A nonprofit trade group that includes representatives of business, labor, volunteer and community organizations, the National Job Corps Association, however, has refuted the claims of the department’s “transparency report”— completed by a staffer for the Department of Government Efficiency — noting that the program’s funding has remained largely unchanged at $1.75 billion a year for several years, with 90 percent of funding supporting operations, and less than 2 percent for administration. While per-student costs had increased and graduation rates had fallen during the covid pandemic, the association said those numbers have been steadily improving since 2022. The association also questioned the department’s allegation of “serious incidents,” noting that centers are required to report incidents as minor as class tardiness, athletic injuries and use of profanity among those 14,000 incidents.

“Job Corps students experience assaults and sexual violence at far lower rates than their peers in their home communities and on college campuses,” the association’s report stated.

The association last week filed a lawsuit, challenging the department’s action, and sought a restraining order, which a New York District Court judge granted Wednesday, preventing the Labor Department from eliminating jobs and removing students from the residential programs. The lawsuit, along with calling attention to the loss of training, jobs and homes for students, alleges the Trump administration does not have authority to end the program, for which Congress already had allocated funding.

And it could be a mistake to assume Congress will rubber-stamp President Trump’s plans to end the program altogether in the next budget. The program has had and continues to have strong bipartisan support, as noted by U.S. Rep. Rick Larsen, D-2nd District, even from the Labor secretary herself when she was a member of Congress last year for Oregon’s 5th District.

“One year ago, my former House of Representatives colleague Lori Chavez-DeRemer signed onto a letter supporting funding for the Job Corps program. Today, as the Secretary of Labor, she has closed the program,” Larsen noted in a statement.

The same letter was signed by 113 members of Congress, from both parties.

Larsen criticized the attempt to end the program, citing the loss of opportunities for disadvantaged youths and young adults and the loss of jobs for instructors and others as “a part of the Trump administration’s efforts to give a tax break to the richest Americans and wealthiest corporations.”

Also expressing opposition to the Labor Department’s move was Sen. Susan Collins, R-Maine, chair of the Senate’s Appropriations Committee, who said her state’s two Job Corps centers “have become important pillars of support for some of our most disadvantaged young adults.”

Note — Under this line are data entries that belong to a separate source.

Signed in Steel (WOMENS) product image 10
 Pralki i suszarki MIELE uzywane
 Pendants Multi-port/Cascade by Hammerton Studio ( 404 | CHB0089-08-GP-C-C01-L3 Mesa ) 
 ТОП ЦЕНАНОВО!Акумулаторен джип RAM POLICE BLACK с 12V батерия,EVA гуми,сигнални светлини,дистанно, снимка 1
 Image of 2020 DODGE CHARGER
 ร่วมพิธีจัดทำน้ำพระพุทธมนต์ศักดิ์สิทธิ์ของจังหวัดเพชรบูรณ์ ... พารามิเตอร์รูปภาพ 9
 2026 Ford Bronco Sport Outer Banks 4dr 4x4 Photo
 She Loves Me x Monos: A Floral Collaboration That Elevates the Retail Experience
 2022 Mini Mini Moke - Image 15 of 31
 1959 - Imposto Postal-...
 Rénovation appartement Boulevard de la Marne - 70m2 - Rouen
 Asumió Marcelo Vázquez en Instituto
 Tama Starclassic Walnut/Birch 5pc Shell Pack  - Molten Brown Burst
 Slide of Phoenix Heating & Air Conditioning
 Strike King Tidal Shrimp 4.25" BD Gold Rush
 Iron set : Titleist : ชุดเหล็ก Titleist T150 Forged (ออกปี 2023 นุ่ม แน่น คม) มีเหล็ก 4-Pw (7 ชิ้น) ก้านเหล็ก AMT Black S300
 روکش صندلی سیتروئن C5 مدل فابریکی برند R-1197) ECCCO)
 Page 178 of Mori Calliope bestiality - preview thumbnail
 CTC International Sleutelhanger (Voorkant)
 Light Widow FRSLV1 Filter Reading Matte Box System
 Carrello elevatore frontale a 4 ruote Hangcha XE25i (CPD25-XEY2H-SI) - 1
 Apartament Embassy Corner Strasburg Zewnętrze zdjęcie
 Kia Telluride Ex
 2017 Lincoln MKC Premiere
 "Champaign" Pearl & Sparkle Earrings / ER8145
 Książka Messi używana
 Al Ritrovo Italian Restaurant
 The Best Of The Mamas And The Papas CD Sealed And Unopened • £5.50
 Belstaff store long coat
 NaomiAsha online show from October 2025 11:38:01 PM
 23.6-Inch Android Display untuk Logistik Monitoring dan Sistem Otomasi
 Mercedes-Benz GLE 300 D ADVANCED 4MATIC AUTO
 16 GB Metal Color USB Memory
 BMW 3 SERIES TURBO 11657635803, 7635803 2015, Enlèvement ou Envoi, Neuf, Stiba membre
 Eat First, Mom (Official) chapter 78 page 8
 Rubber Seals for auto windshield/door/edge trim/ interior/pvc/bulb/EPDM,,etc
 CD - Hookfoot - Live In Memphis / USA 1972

Collins was joined by her committee’s ranking member, Sen. Patty Murray, D-Wash., who in a blunt post on X said: “For 60+ years, the Job Corps has helped millions of young people get workforce training & land good jobs, especially in the trades. Trump is shutting down programs NOW, ignoring the funding Congress provided. So much for having workers’ backs. These cuts must be reversed.”

The U.S. Chamber of Commerce in its most recent workforce report finds that there are more open jobs than available workers, a situation experienced by companies of every size and industry, with workers of every level of education and training needed.

The need is even sharper in Washington state, where the Washington Roundtable has forecast 1.5 million job openings in the next decade, 75 percent of which will require post-secondary credentials, including 45 percent of positions that will require at least a bachelor’s degree. But the first step to post-secondary credentials and the jobs that follow, of course, is that equivalent of a high school diploma, which opens up training in trades, apprenticeships and further education and careers.

Scuttling the Jobs Corps program trades short-term budget cuts for an even greater gap in the jobs that America must fill and those available to work them, and dooms too many to low-paying jobs and long-term unemployment.